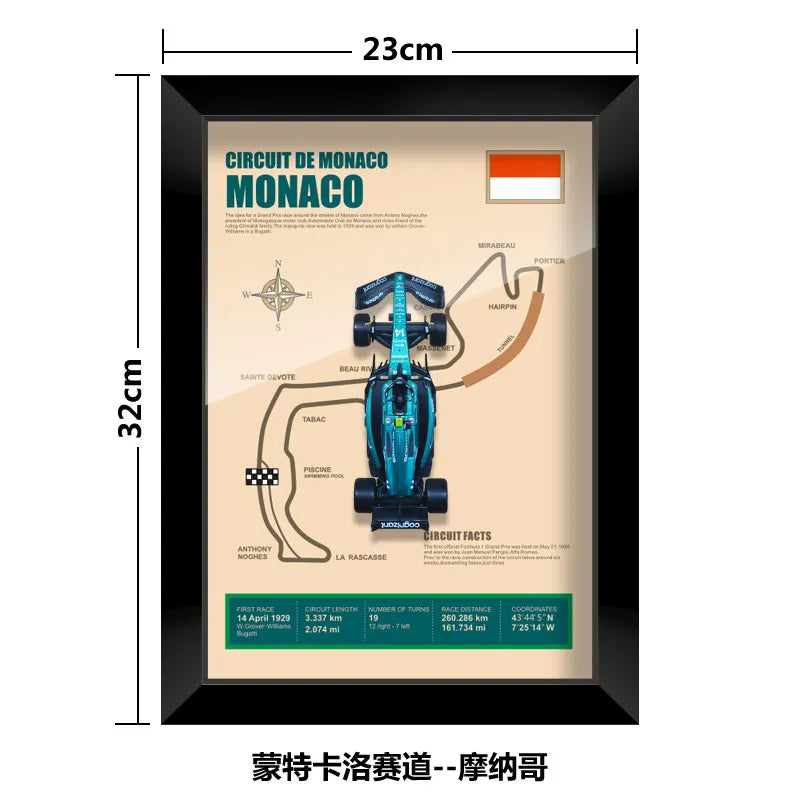 Bburago 1:43 F1 Aston Martin 2024 Aramco Team Fernando Alonso Car Model Monaco Canada Netherlands GP Circuits Track Posters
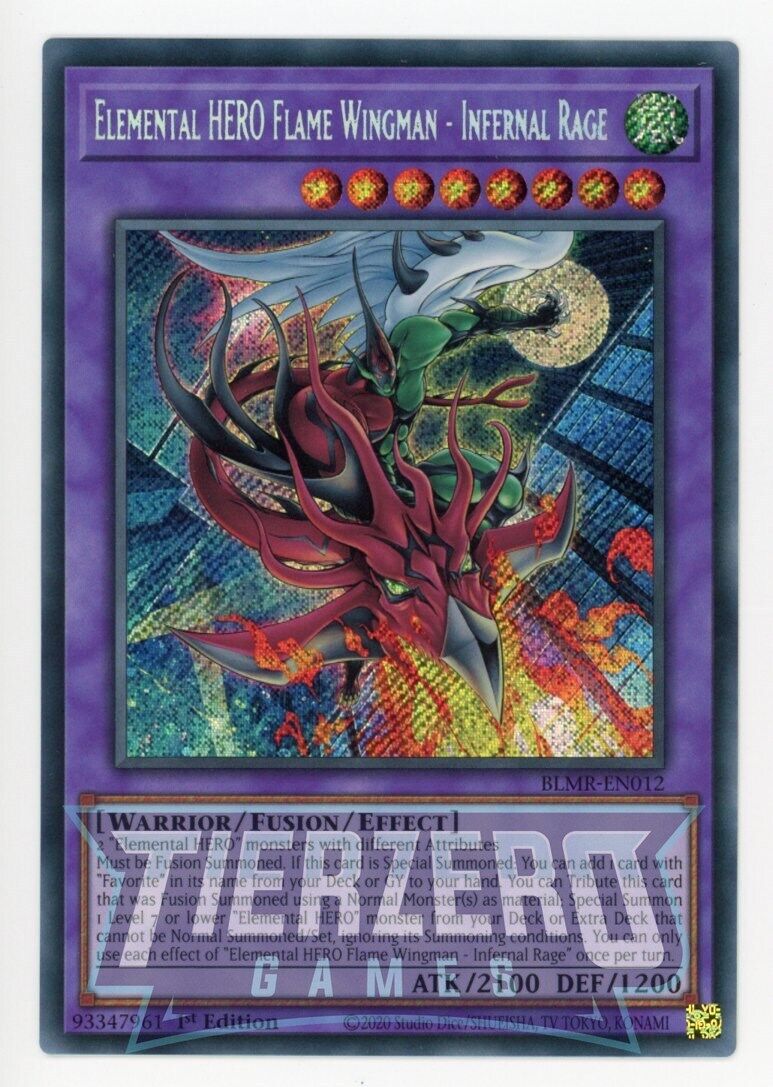 Yugioh Elemental HERO Flame Wingman - Infernal Rage BLMR-EN012 Secret Rare 1st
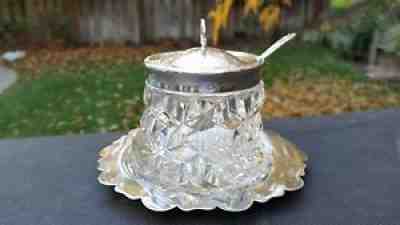 RARE FOSTORIA AMERICAN CRYSTAL JAM CONTAINER WITH LID & SPOON & UNDER-PLATE ESPN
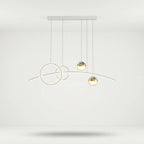 Lustre LED Linéaire Globes – Suspension Sculpturale Design Moderne Salon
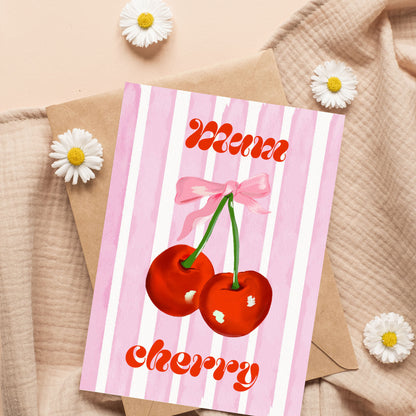 Mum Cherry – Aquarell-Klappkarte zum Muttertag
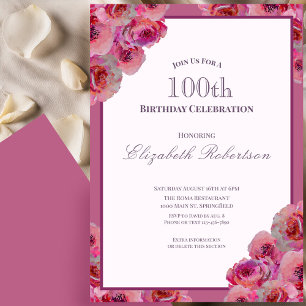 Elegante rosa Rosen Damen 100. Geburtstag  Einladung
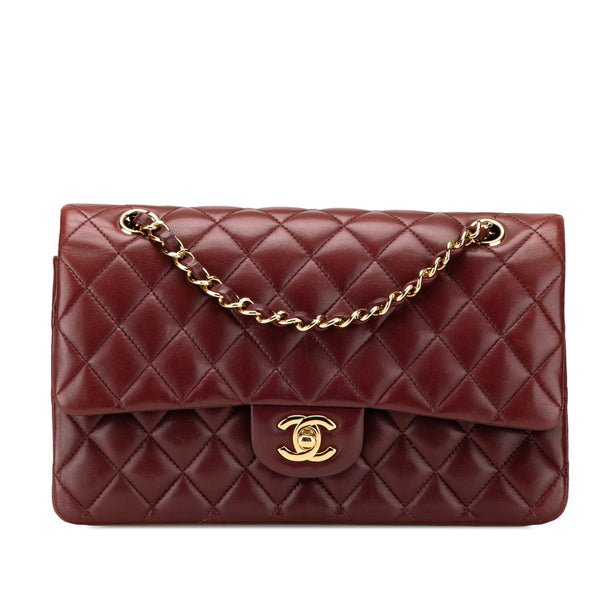 シャネル マトラッセ ココマーク Wフラップ チェーン ショルダーバッグ ハンドバッグ ワインレッド パープル ラムスキン レディース CHANEL 【中古】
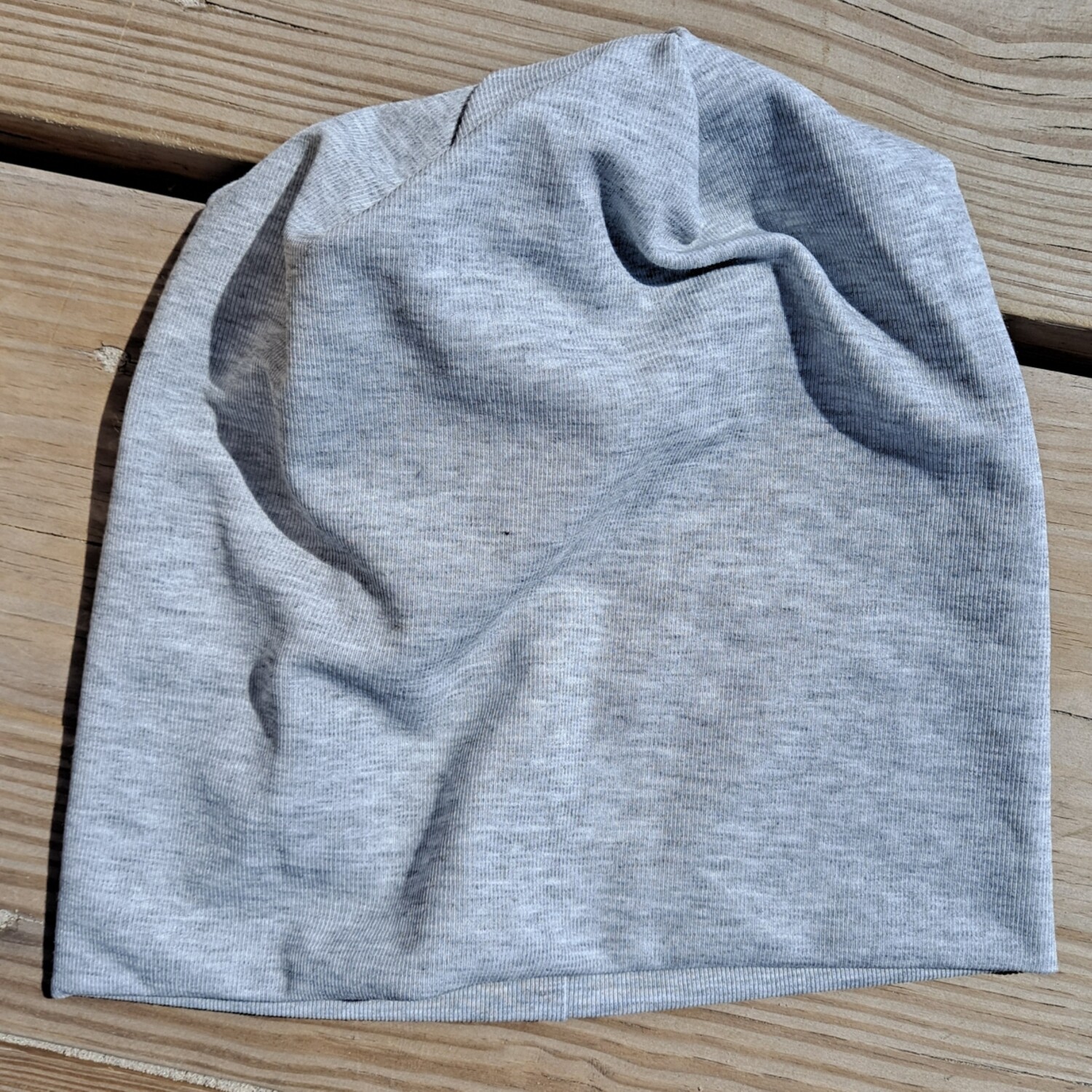 Light gray sweatshirt material beanie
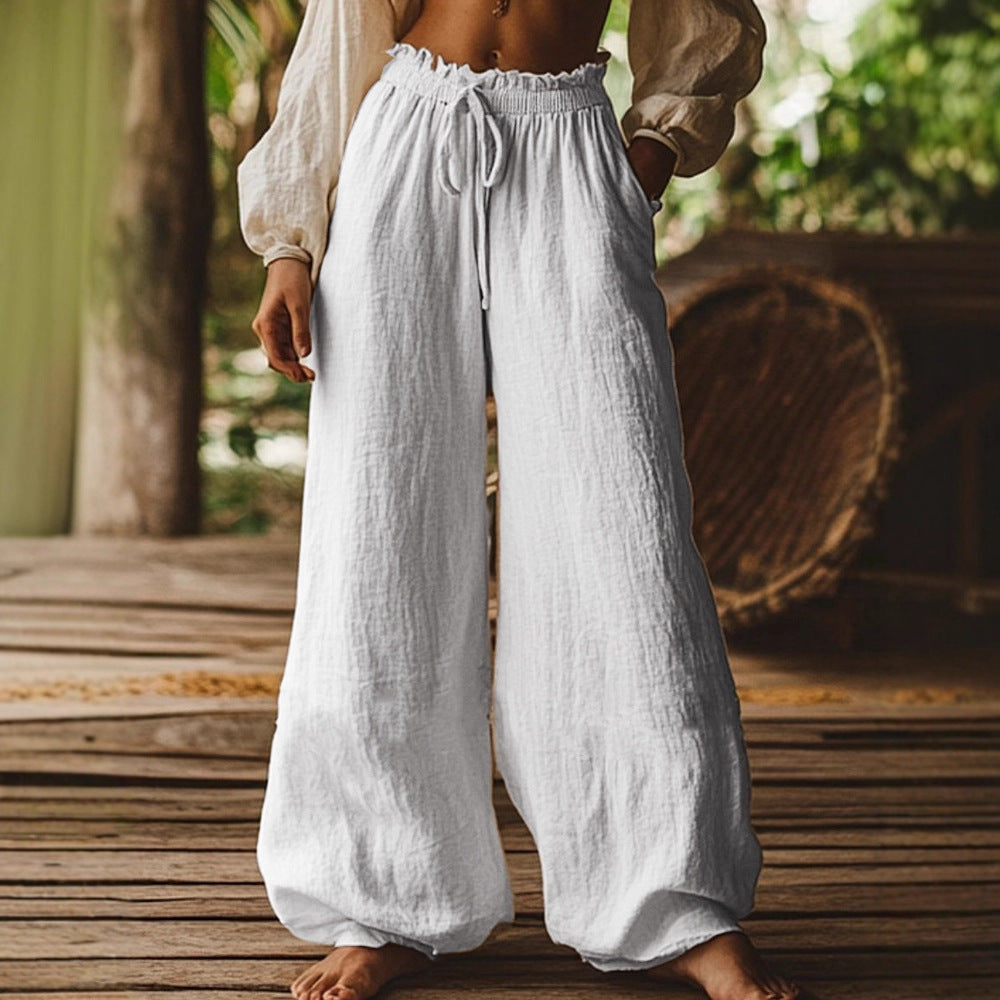 Fashion Casual Loose Artistic Pocket Drawstring Elastic Waist Wide Leg Pants Koalakits36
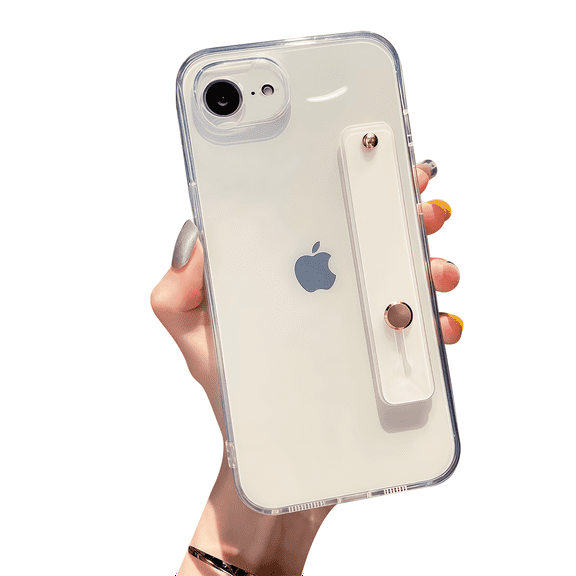 siduater Clear Case for iPhone 16e | Shockproof Translucent PC Back Cover Soft TPU Bumper with Adjustable Finger Grip Loop for Girls Women, HD Clear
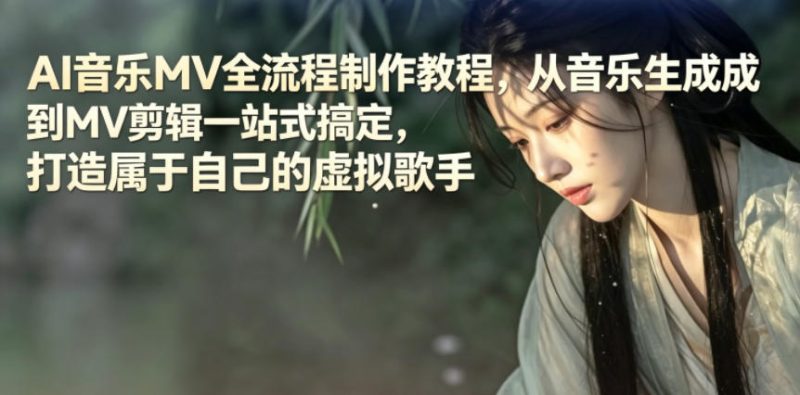 AI音乐MV全流程制作教程，从音乐生成到MV剪辑一站式搞定，打造属于自己的虚拟歌手-初遇资源网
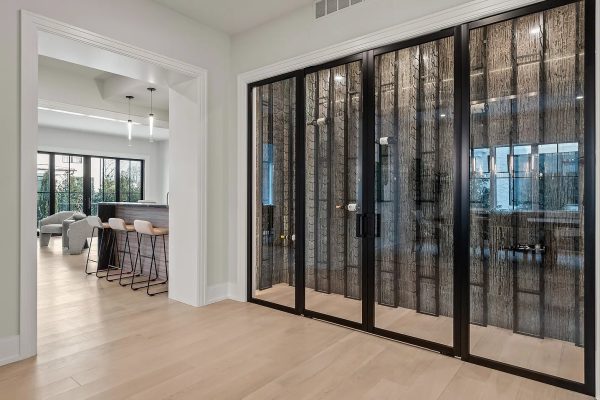 a room with a large window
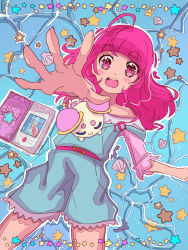 Rule 34 | 1girl, ahoge, belt, blouse, blue overalls, blunt bangs, blush, blush stickers, commentary, cowboy shot, from above, fuwa (precure), hair down, happy birthday, hoshina hikaru, in water, long hair, looking at viewer, lukasandatta, lying, off shoulder, open mouth, overalls, partially submerged, pink belt, pink eyes, pink hair, pink shirt, precure, reaching, round teeth, scallop, seashell, shell, shirt, short eyebrows, sleeping, sleeping on person, star (symbol), star twinkle precure, strap slip, teeth, thick eyebrows, twinkle book, upper teeth only, water, wet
——————
> _TASK REQUIREMENTS_:
From the very first line of the listing above through the line that holds "a room with a large window", write out each line exactly as it stands, leaving pictures out.

> _ANSWER SPACE_:
 Bburago 1:43 F1 Aston Martin 2024 Aramco Team Fernando Alonso Car Model Monaco Canada Netherlands GP Circuits Track Posters
 Yugioh Elemental HERO Flame Wingman - Infernal Rage BLMR-EN012 Secret Rare 1st
 RARE FOSTORIA AMERICAN CRYSTAL JAM CONTAINER WITH LID & SPOON & UNDER-PLATE ESPN
 Lustre LED Linéaire Globes – Suspension Sculpturale Design Moderne Salon
 Mum Cherry – Aquarell-Klappkarte zum Muttertag
 Elegante rosa Rosen Damen 100. Geburtstag  Einladung
 シャネル マトラッセ ココマーク Wフラップ チェーン ショルダーバッグ ハンドバッグ ワインレッド パープル ラムスキン レディース CHANEL 【中古】
 Light gray sweatshirt material beanie
 Fashion Casual Loose Artistic Pocket Drawstring Elastic Waist Wide Leg Pants Koalakits36
 siduater Clear Case for iPhone 16e | Shockproof Translucent PC Back Cover Soft TPU Bumper with Adjustable Finger Grip Loop for Girls Women, HD Clear
 AI音乐MV全流程制作教程，从音乐生成到MV剪辑一站式搞定，打造属于自己的虚拟歌手-初遇资源网
 a room with a large window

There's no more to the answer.